Bahçeli, 19 Mayıs 1919'da Gazi Mustafa Kemal Paşa'nın Samsun'a çıkışının bariz ve bilinen motivasyonunun topyekun Türk milletinin bağımsızlığına duyduğu emsalsiz hayranlık, hürmet ve haysiyetli bağlılık olduğunun tartışmasız bir tarih gerçeği olduğunu vurguladı.
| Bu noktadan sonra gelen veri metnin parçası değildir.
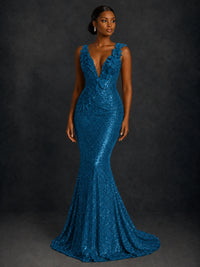 Gold Sequin Floral Applique Mermaid Prom Dress
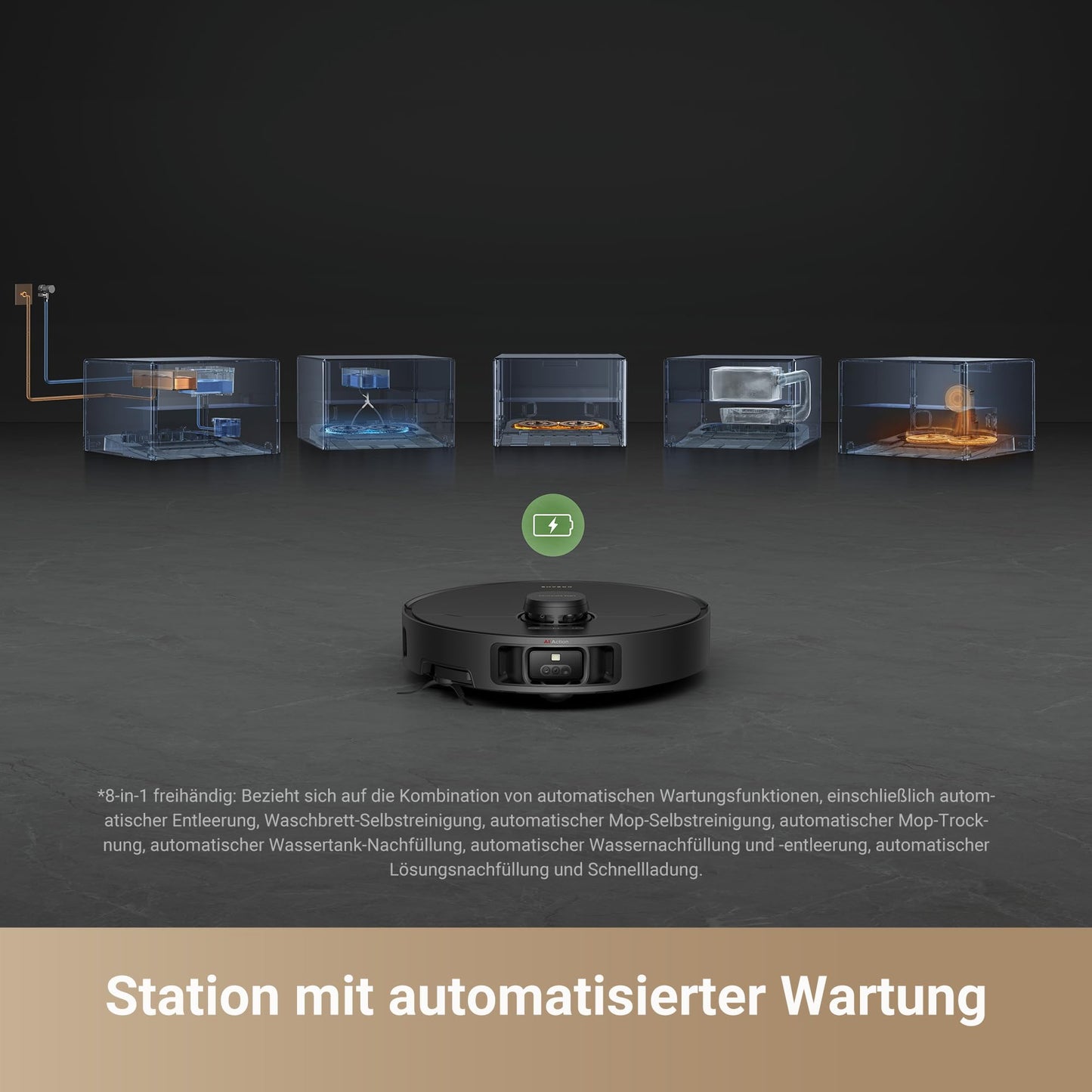 dreame X40 Master Saugroboter mit Wischfunktion, 28cm kompakter Basisstation, automatisches Befüllen und Entleeren, intelligente Navigation, 12.000Pa Starke Saugkraft, Mop-Selbstreinigung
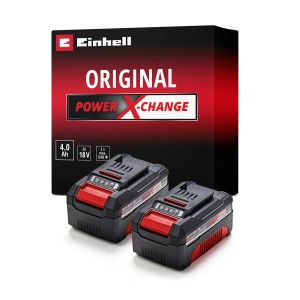 Einhell Power X-Change Akku Twinpack 2x 18V 4Ah, zwei Akkus mit roter Akzentfarbe vor Produktverpackung.
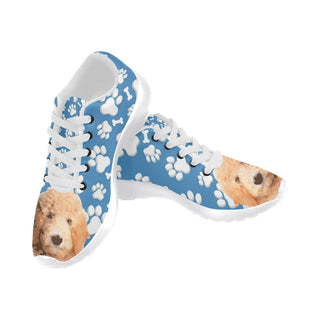 Goldendoodle White Sneakers Size 13-15 for Men - TeeAmazing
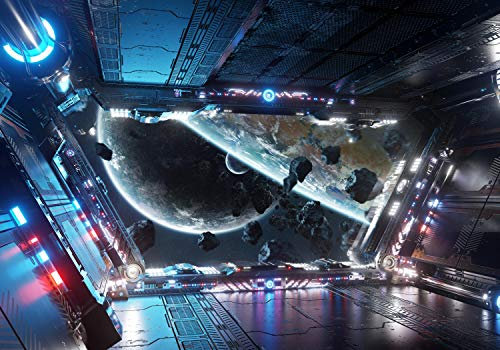wandmotiv24 Fototapete Raumschiff Weltraum Planeten Science Fic, M 250 x 175 cm - 5 Teile, Wanddeko, Wandbild, Wandtapete, Raumerweiterung Flur Korridor Weltall M6501
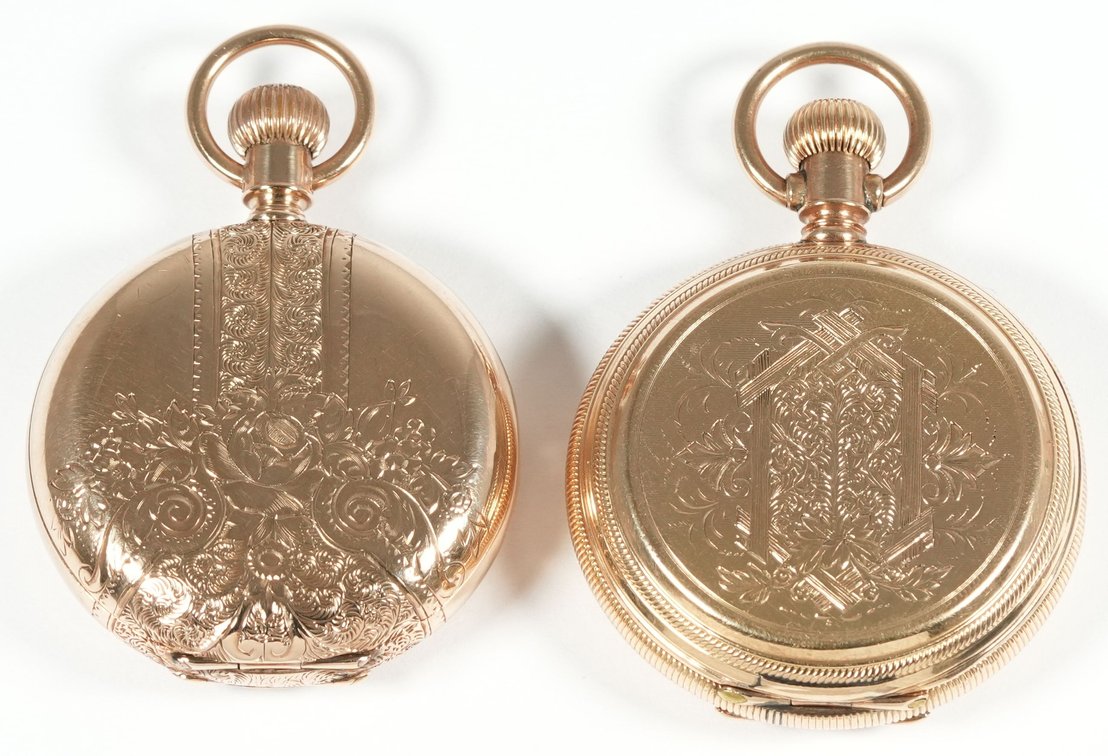 LPW lot (2) Pendant watches, 6-8S, 10K gold HC, one runs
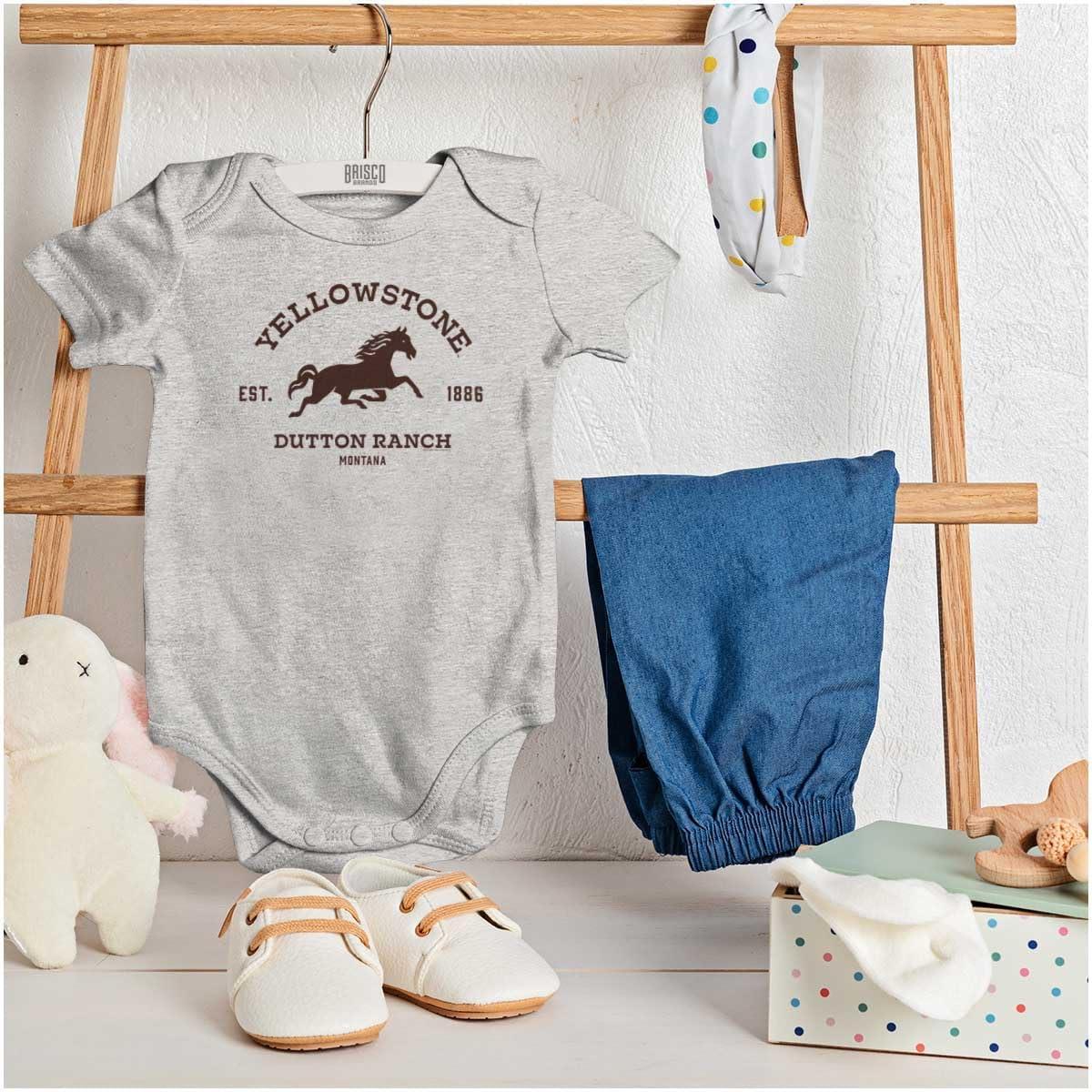 imageBrisco Brands Yellowstone Dutton Ranch Horse Baby Romper Boys or GirlsHeather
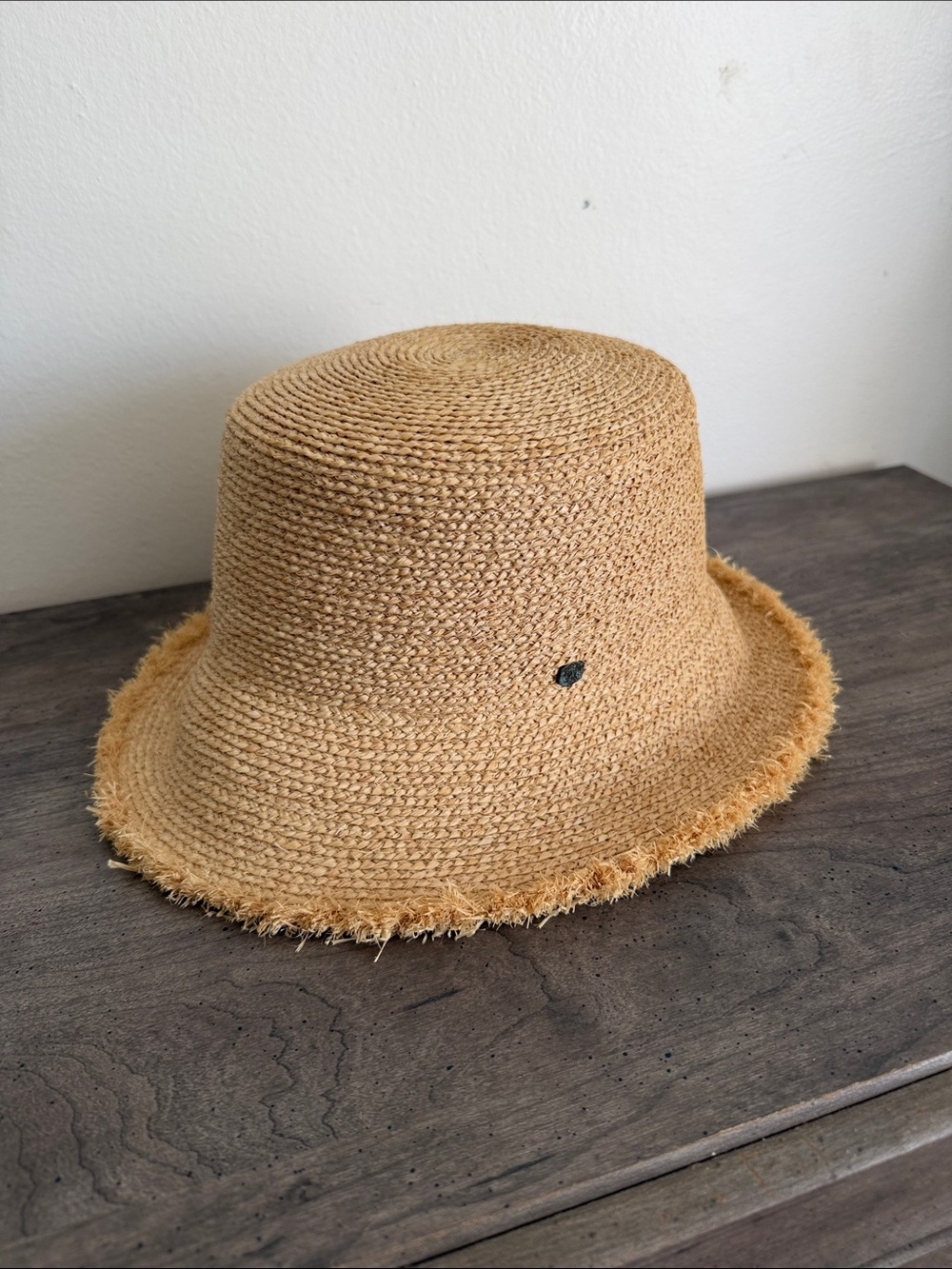 Frayed Brim Straw Bucket Hat - Tan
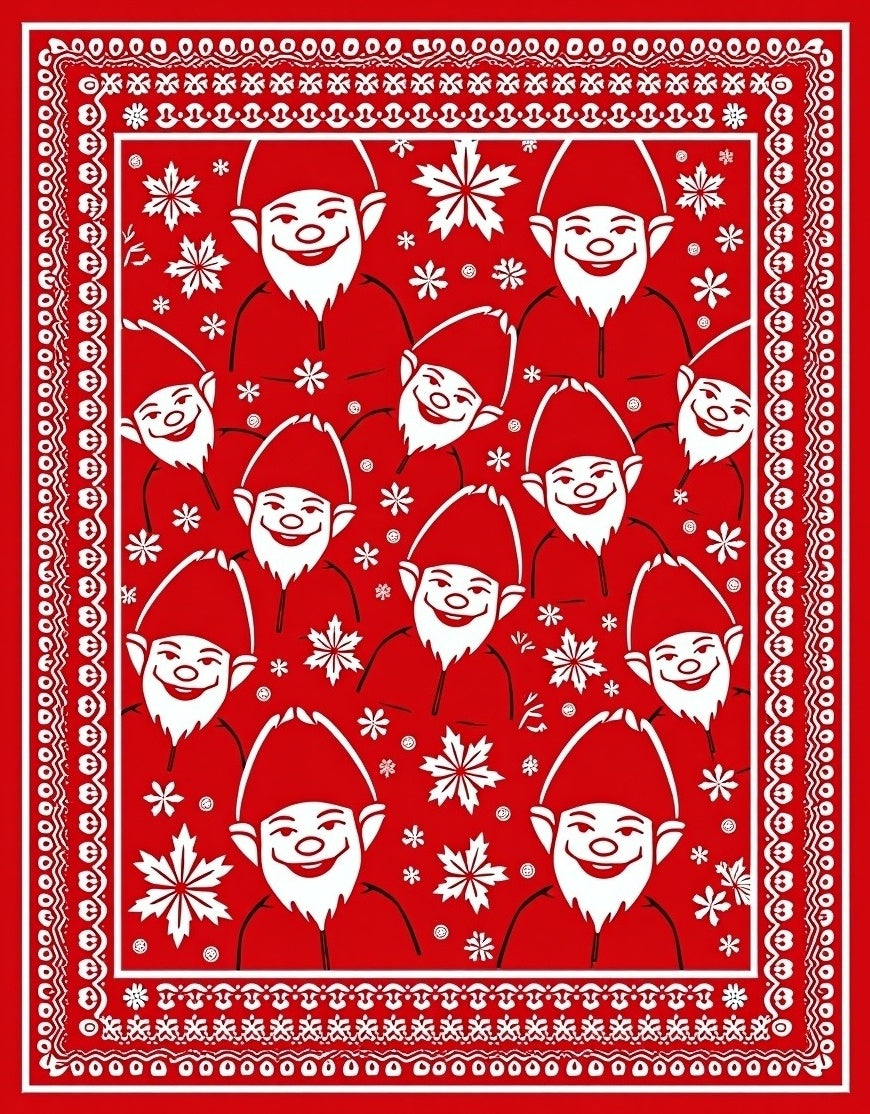 Festive Gnome Snowflake Pattern Rug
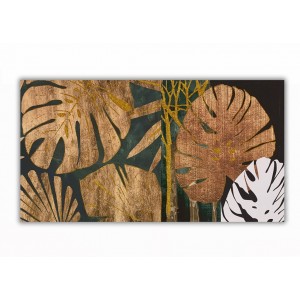 Pannello con foglie jungle oro - cm 100 x 50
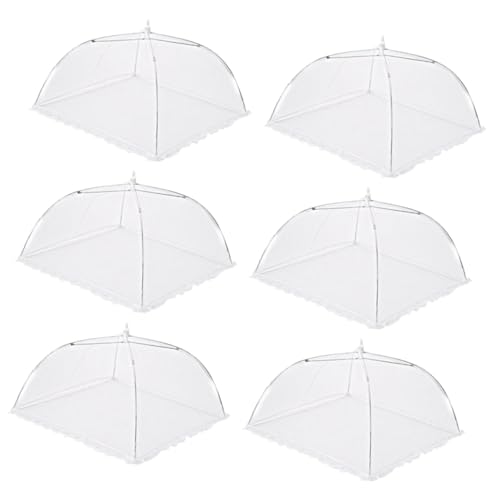 Ciieeo 6 x faltbare Lebensmittelabdeckungen, Netzzelte, weiße Spitze, Lebensmittelschutz für Zuhause, Picknick, Grillen, Outdoor, Fliegengitter-Abdeckung Ciieeo 6 x faltbare Lebensmittelabdeckungen, Netzzelte, weiße Spitze, Lebensmittelschutz für Zuhause, Picknick, Grillen, Outdoor, Fliegengitter-Abdeckung von Ciieeo
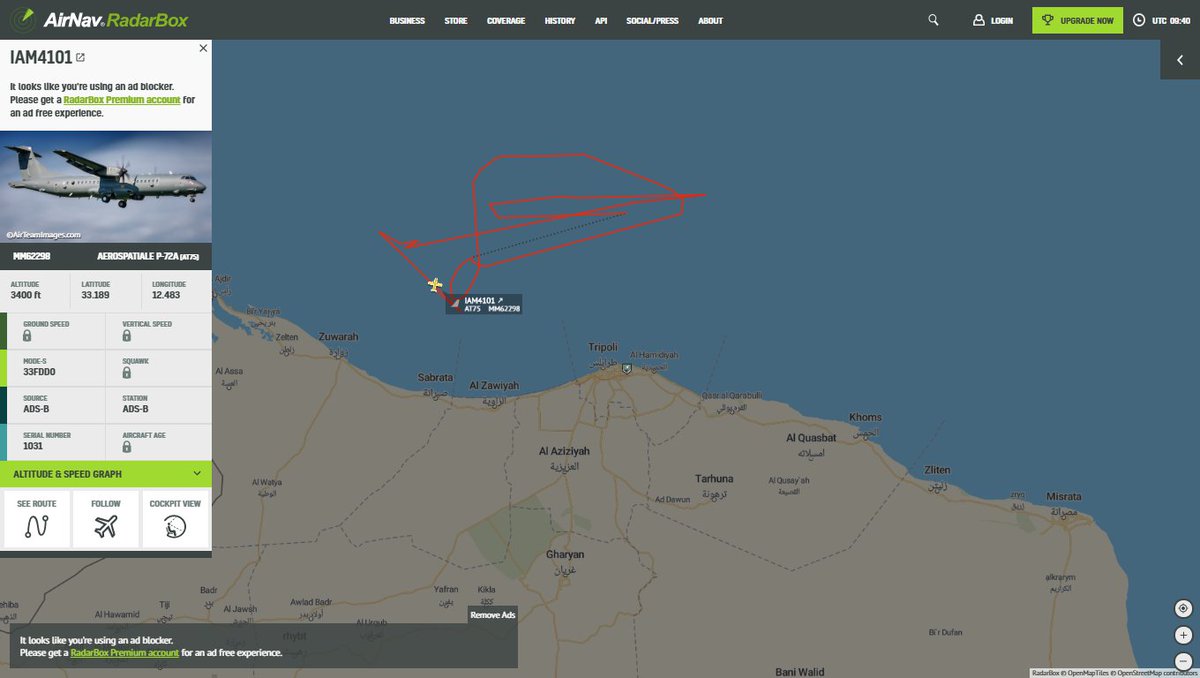 Italian Air Force ATR P-72A MPA MM62281 orbiting off the coast of Libya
Biri kadın, üçü çocuk 79 yolcu, altı at ve bir de otomobil ile 16 Mayıs 1919 Cuma günü öğleden sonra saat 16.30'da Galata Rıhtımı'ndan kalkan vapurun üç günlük yolculuğun ardından 19 Mayıs 1919 sabahı Samsun'a ulaştığını hatırlatan Bahçeli, Samsun'a atılan ilk adımın, girdiği dünya savaşında yıkılmış, parça parça edilmiş ve işgale uğramış mağrur İmparatorluğun kırık dökük harabelerinden yeni bir Türk devletinin inşa amacı olduğunu belirtti.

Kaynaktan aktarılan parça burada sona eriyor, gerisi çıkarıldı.